### What you have to do
All lines from the one bearing "PA license plate MUO7501" through the end of the data below must be printed exactly as they stand, with pictures removed.

### Dataset excerpt
Segment Open

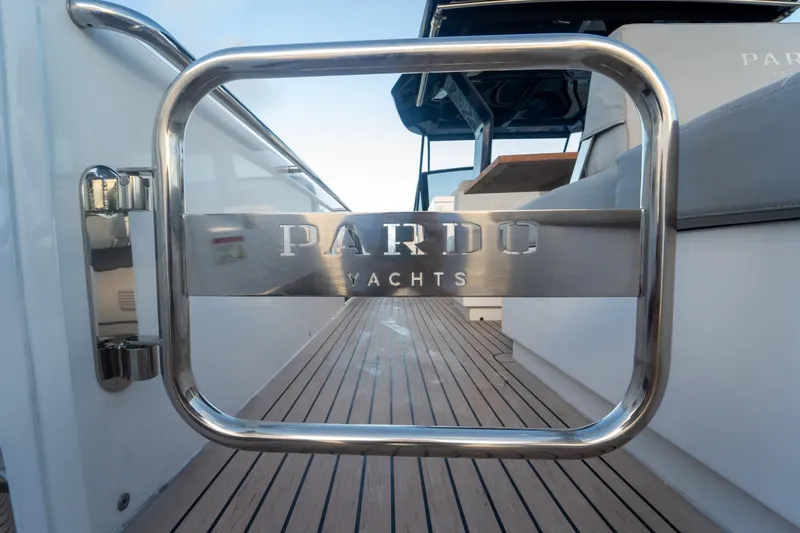 Katerina Yacht Photos Pics Stainless steel gate on 2021 Pardo Yachts 43, showcasing elegant deck design.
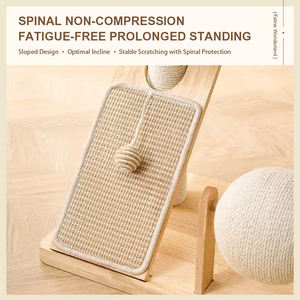 Yousme 2025 in legno massello gatto albero acqua e resistenza ai graffi gatto arrampicata telaio con Sisal materiale gatto torre Scratcher House - Product Image 4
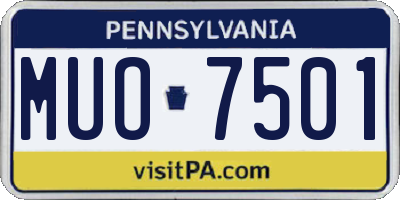 PA license plate MUO7501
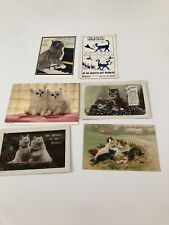 Antique/Vintage #2  LOT of 6 KITTY CAT POST CARDS COLLECTION picture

Segment Closed

### Reply to the exercise
 PA license plate MUO7501
 Antique/Vintage #2  LOT of 6 KITTY CAT POST CARDS COLLECTION picture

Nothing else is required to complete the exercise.